Un assassinat, point de départ d'une grave crise sécuritaire et politique
Pour rappel, le 7 juillet 2021, Jovenel Moïse avait été tué par balle dans sa résidence privée, à l'âge de 53 ans, par un commando de plus de 20 personnes, principalement des mercenaires colombiens, sans que ses gardes du corps n'interviennent. Martine Moïse avait elle-même été blessée lors de l'attaque.
Le 9 février, Joseph Vincent, un Américano-Haïtien accusé d'avoir participé à son assassinat, a été condamné en Floride, aux Etats-Unis, à la réclusion criminelle à perpétuité.
La justice américaine avait lancé des poursuites visant 11 personnes accusées d'être mêlées à l'assassinat, au motif que le complot avait été ourdi en Floride.
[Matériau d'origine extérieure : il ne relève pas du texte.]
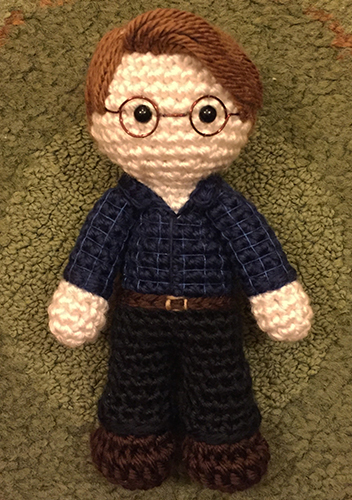 Crocheted doll amigurumi Bruce Bechdel from Fun Home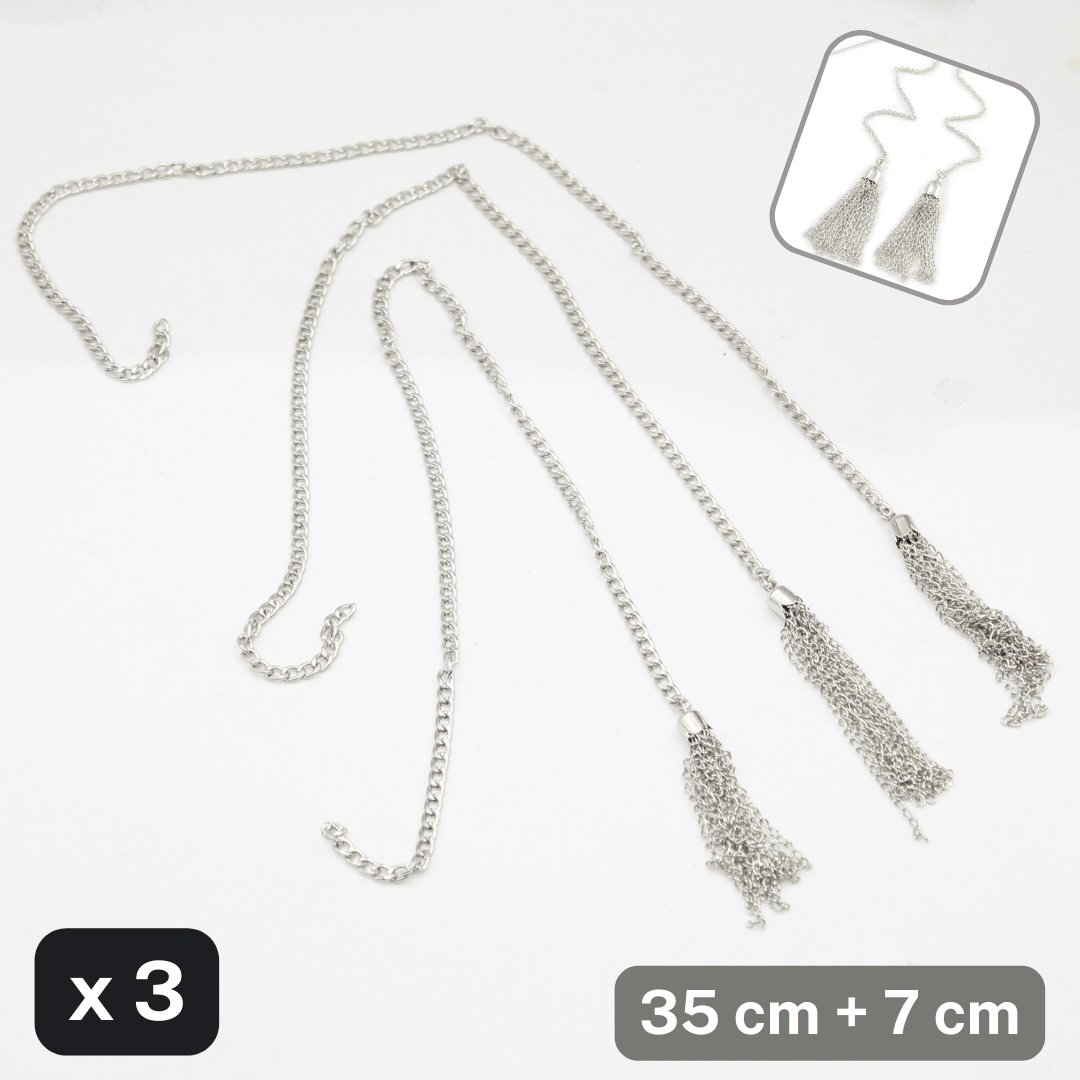 Set of 3 Metallic Tassels with Chain col. Silver 35+7cm - ACCESSOIRES LEDUC BV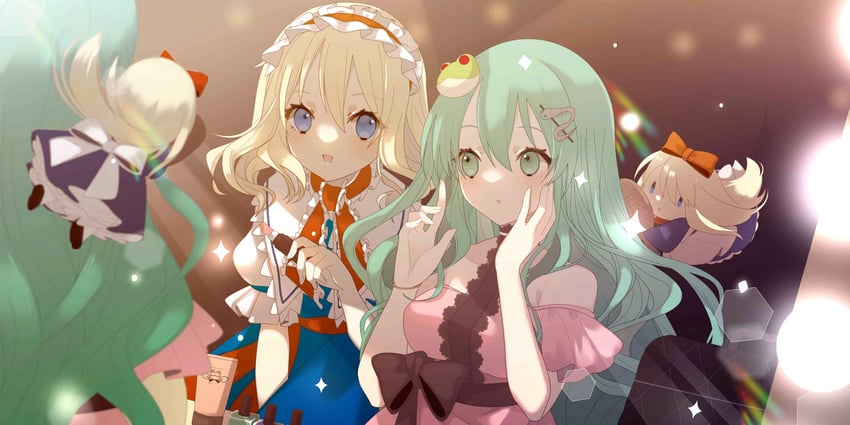 kochiya sanae, alice margatroid, and shanghai doll (touhou and 1 more) drawn by yuzuyomogi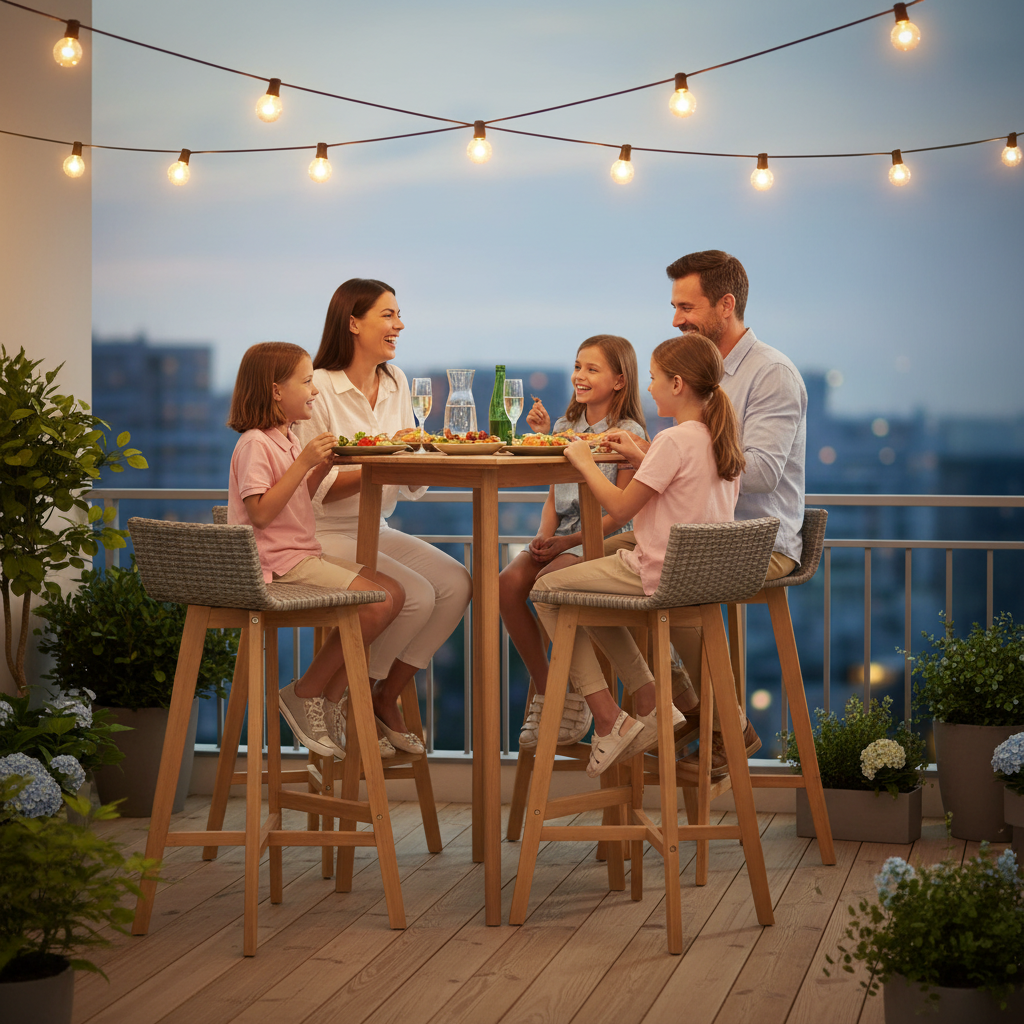 Bartafelset met 4 stoelen op balkon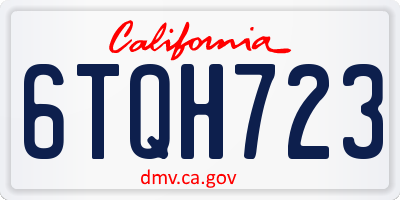 CA license plate 6TQH723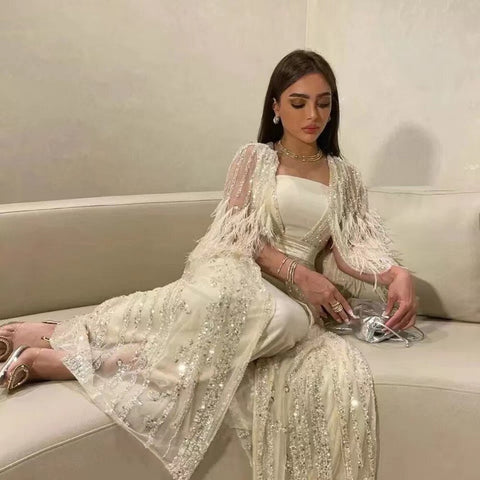 Robe de soirée style caftan marocain, ligne A, plumes et perles, couleur crème, avec veste, LA71759 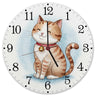 Happy Cat Time Aquarell Katzen Wanduhr für Katzenliebhaber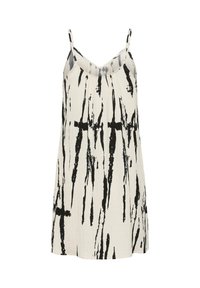 Robe blanche sans manches avec fines bretelles et motif abstrait de coups de pinceau noirs verticaux, coupe ample et encolure en V.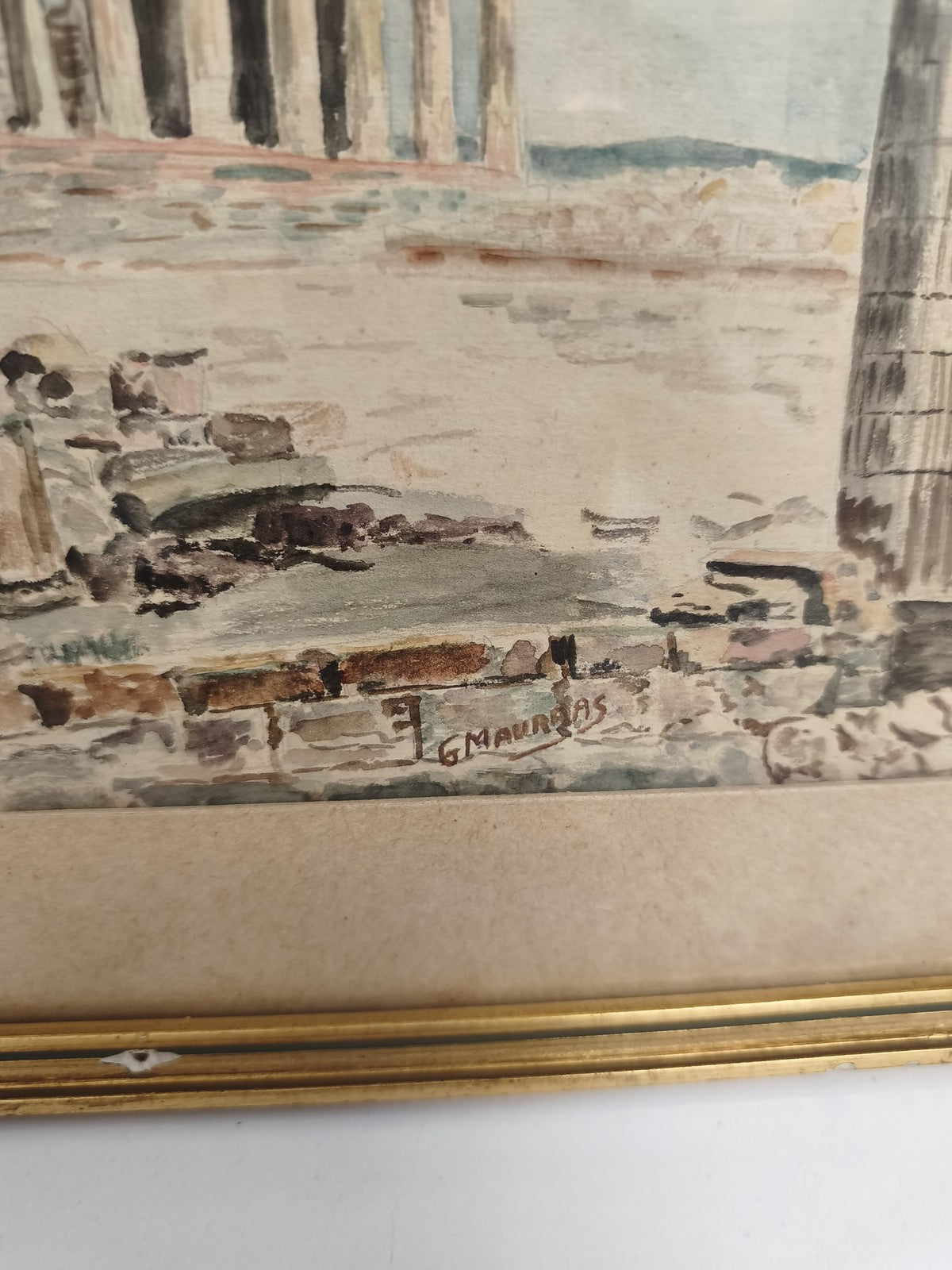 Tableau ancien aquarelle ruines grecques signé Maurras cadre doré vintage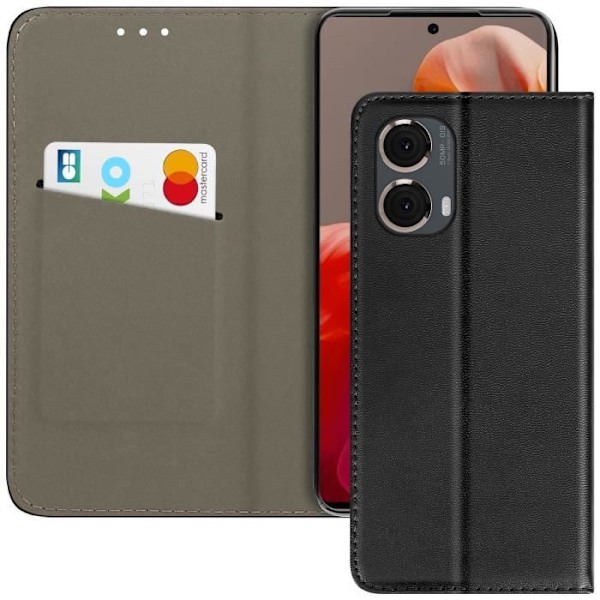 AVIZAR Fodral till Motorola Moto G85 - Svart - Flip magnetisk korthållare Svart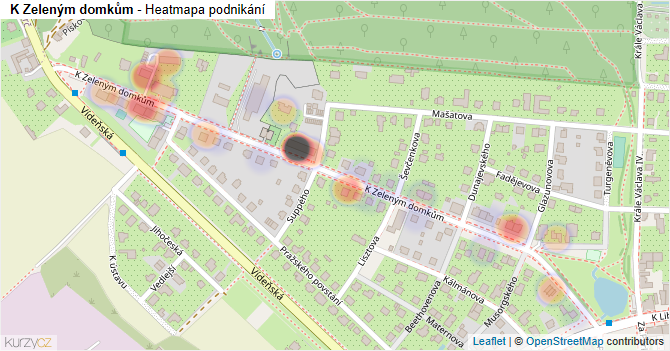 K Zeleným domkům - mapa podnikání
Quatre d'entre elles ont été condamnées à la prison à vie, dont Joseph Vincent qui avait plaidé coupable en décembre.
Depuis plusieurs mois, voire années, Haïti fait face à une grave crise politique, sécuritaire et humanitaire, des gangs armés ayant pris le contrôle de pans entiers du pays. Dans ce contexte, le nombre d'homicides a plus que doublé en 2023 ; l'assassinat de Jovenel Moise a plongé le pays le plus pauvre du continent américain encore davantage dans le chaos.